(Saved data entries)
#####

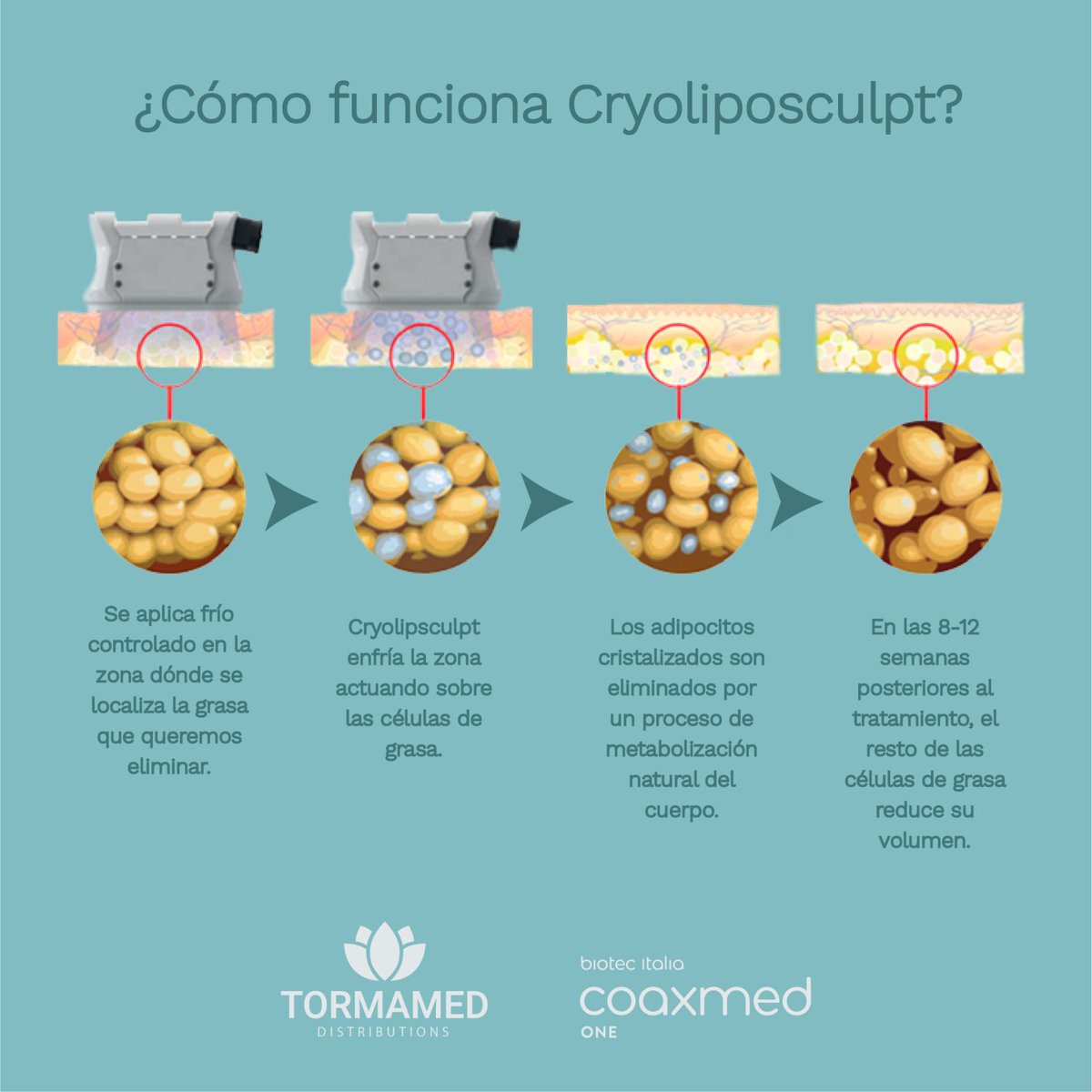 tormamed's tweet photo. En Tormamed, estamos comprometidos con la excelencia y la vanguardia en el campo de la Criolipólisis. El dispositivo CoaxMed One, con su aplicador Cryoliposculpt®, es el único que combina el vacuum, el enfriamiento controlado e impulsos eléctricos https://t.co/mqNNVWZtJb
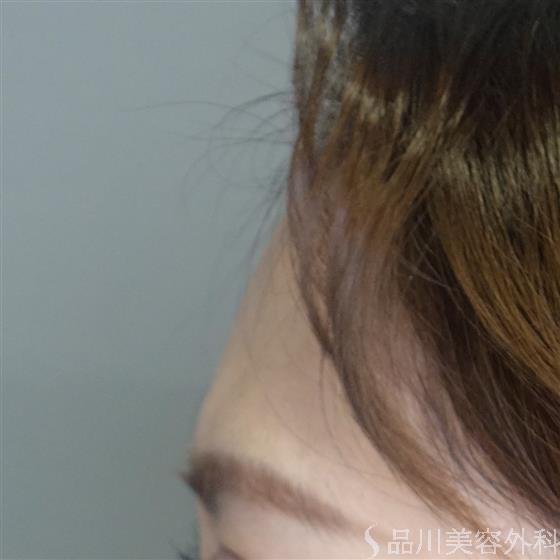 症例NO.50714のBEFORE写真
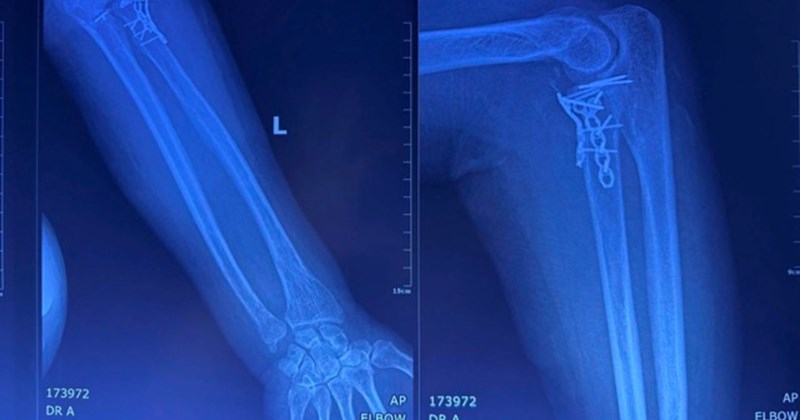 Gãy xương phức tạp kèm trật khớp ở người cao tuổi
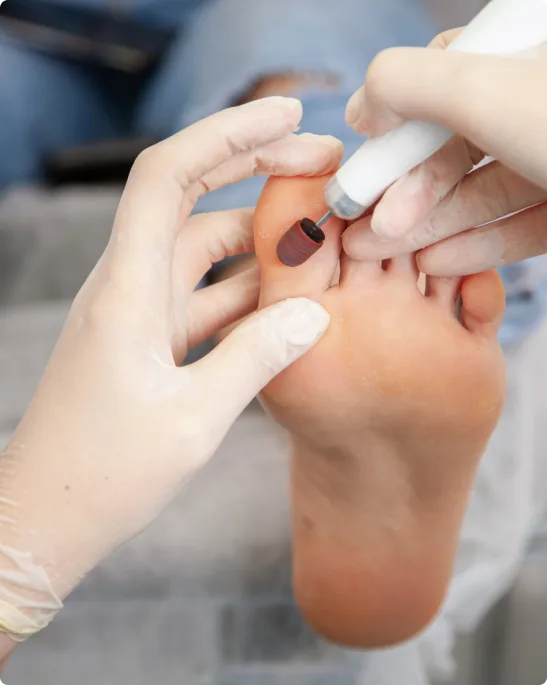Corn and Callus Removal in Novi, Southfield, Howell & Livonia, MI Banner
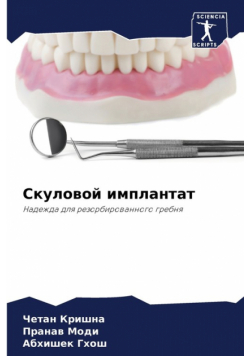 Скуловой имплантат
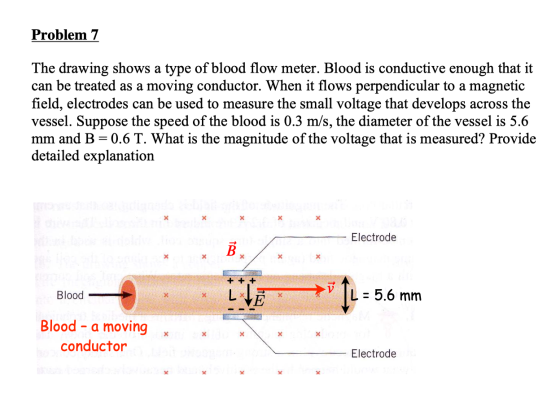 Problem 7 The drawing shows a type of blood flow meter. Blood is conductive enough that it can be treated as a moving conduct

#####

▶ Work item
All of the entries above should be duplicated exactly, except for the pictures.

▶ Solution
 tormamed's tweet photo. En Tormamed, estamos comprometidos con la excelencia y la vanguardia en el campo de la Criolipólisis. El dispositivo CoaxMed One, con su aplicador Cryoliposculpt®, es el único que combina el vacuum, el enfriamiento controlado e impulsos eléctricos https://t.co/mqNNVWZtJb
 症例NO.50714のBEFORE写真
 Gãy xương phức tạp kèm trật khớp ở người cao tuổi
Corn and Callus Removal in Novi, Southfield, Howell & Livonia, MI Banner
 Скуловой имплантат
 Problem 7 The drawing shows a type of blood flow meter. Blood is conductive enough that it can be treated as a moving conduct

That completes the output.